[[ Given information, beginning ]]
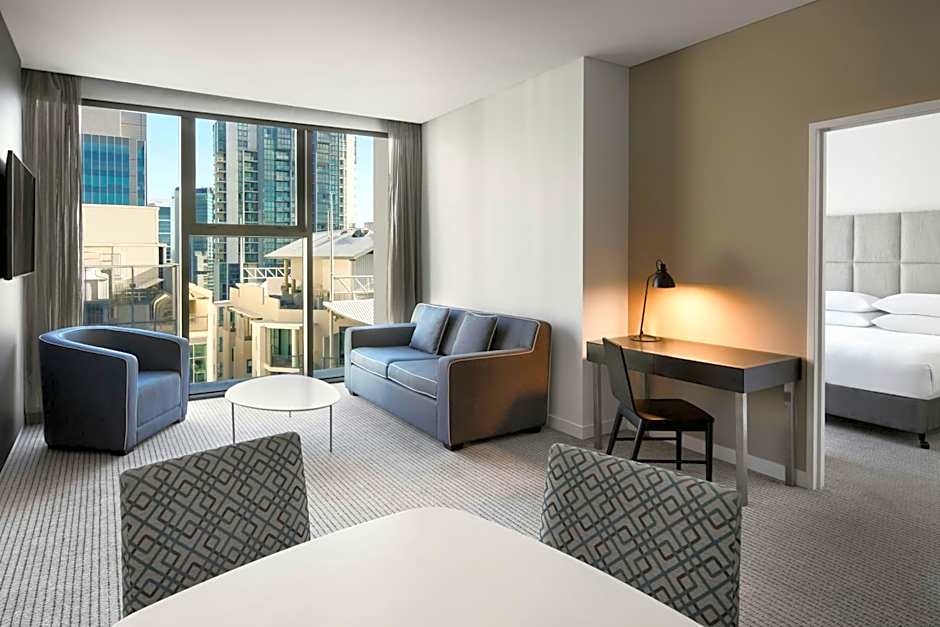 Four Points by Sheraton Brisbane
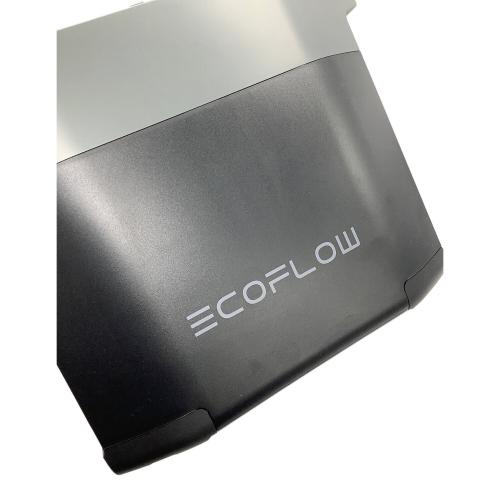 ECOFLOW (エコフロー) ポータブル電源 DELTA 2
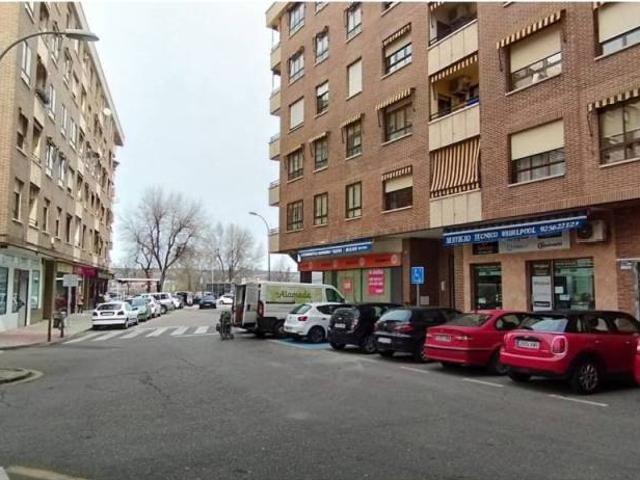 Piso en alquiler en Toledo, Castilla-La Mancha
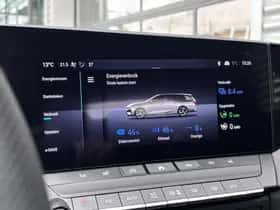 Opel Astra Sports Tourer (2026) thumbnail 51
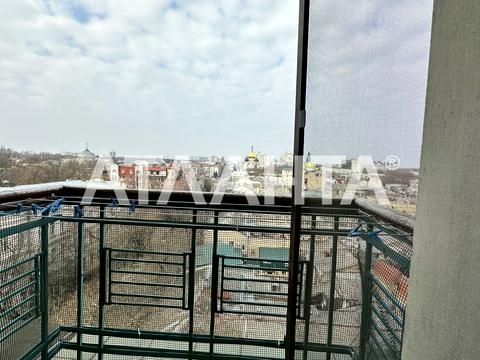 квартира за адресою Гімназична вул., 22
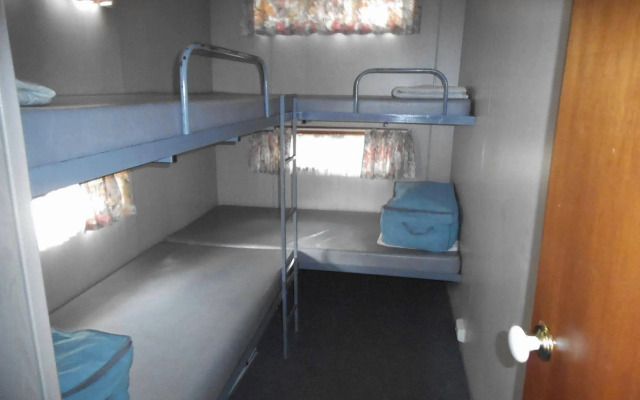 Echo Beach Tourist Park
[[ Given information, end ]]
What this task involves => Whenever images occur above, omit them and retype each line exactly as it stands.

Task solution =>
 Four Points by Sheraton Brisbane
 ECOFLOW (エコフロー) ポータブル電源 DELTA 2
 Piso en alquiler en Toledo, Castilla-La Mancha
 Opel Astra Sports Tourer (2026) thumbnail 51
 квартира за адресою Гімназична вул., 22
 Echo Beach Tourist Park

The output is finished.